Great declines in habitat and pheasants numbers are evident over much of our state. These are two important factors in the sharp declines in resident license sales. But it is my belief that lack of access to quality hunting land along with lifestyle changes have become the greatest factors, and hunting traditions are taking a back seat to other activities.

Many residents have completely quit hunting public lands due to bad experiences and are simply unwilling or unable to “pay to play” on private lands. The quality of public hunting land and the number of hunters using the same land are major factors in hunter satisfaction rates. To keep our hunting traditions alive, it is imperative that we continue to provide for high hunter satisfaction rates.

Ships turn slow, and right now it looks as if we are headed for an iceberg. With license sales down and the flow of outdoor enthusiasts’ dollars dropping, the financial impact to any of our rural areas will be extensive.

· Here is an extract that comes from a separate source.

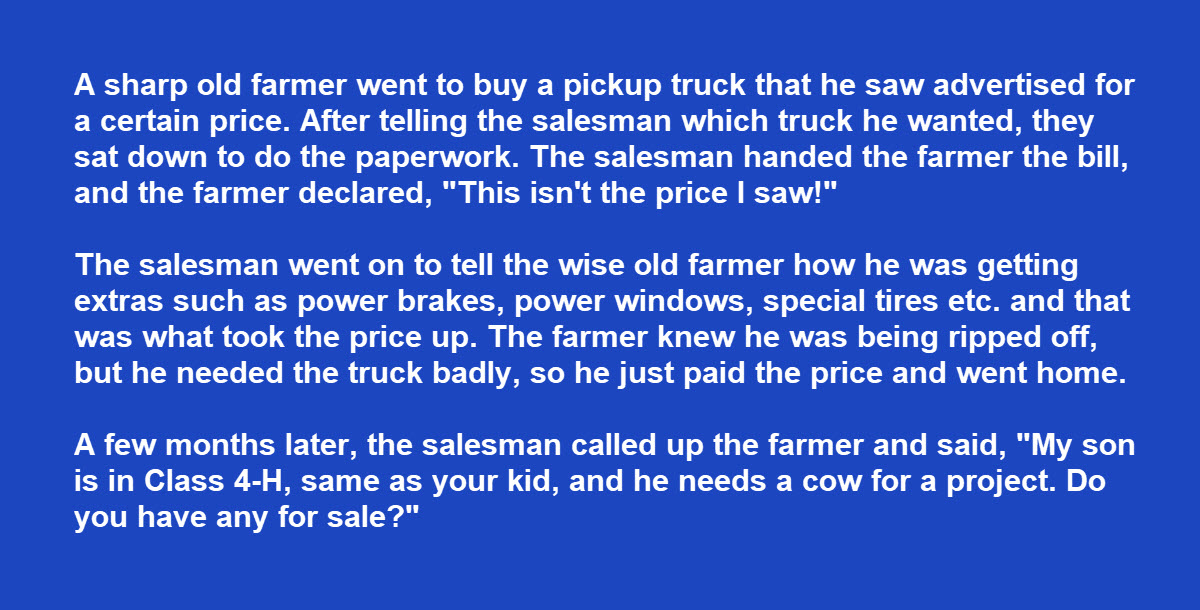 Farmer Gets the Best Revenge Ever Against Sneaky Car Salesman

The time is now to invest our license money in public lands and public access. High quality public lands and increased public access, paid for by the users, helps everyone in this state. Producers and stakeholders alike must recognize the economic importance of public lands to our rural economies.

Gov. Kristi Noem has built a great deal of momentum concerning habitat. High quality publicly accessible habitat is key to the South Dakota economy, heritage and hunting traditions. Public lands that offer quality recreational experiences for everyone sell licenses. If we build it, they will come.